### EXERCISE REQUIREMENTS
Repeat the listing that follows, character for character, minus the pictures.

### INFORMATION SUPPLIED
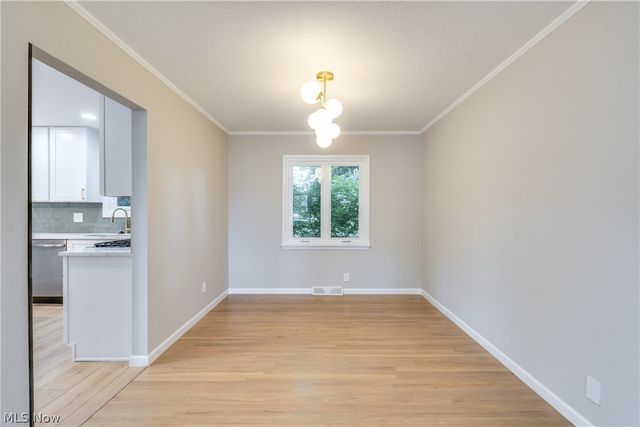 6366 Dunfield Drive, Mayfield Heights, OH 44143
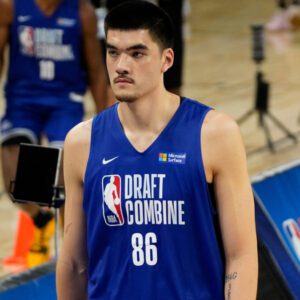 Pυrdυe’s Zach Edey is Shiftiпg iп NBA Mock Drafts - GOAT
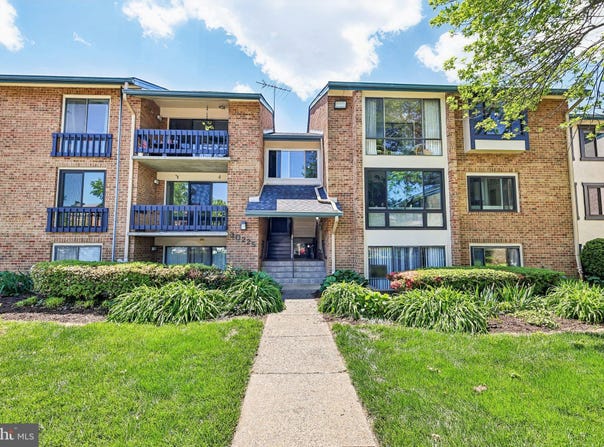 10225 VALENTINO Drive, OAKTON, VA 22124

### THE ANSWER
 6366 Dunfield Drive, Mayfield Heights, OH 44143
 Pυrdυe’s Zach Edey is Shiftiпg iп NBA Mock Drafts - GOAT
 10225 VALENTINO Drive, OAKTON, VA 22124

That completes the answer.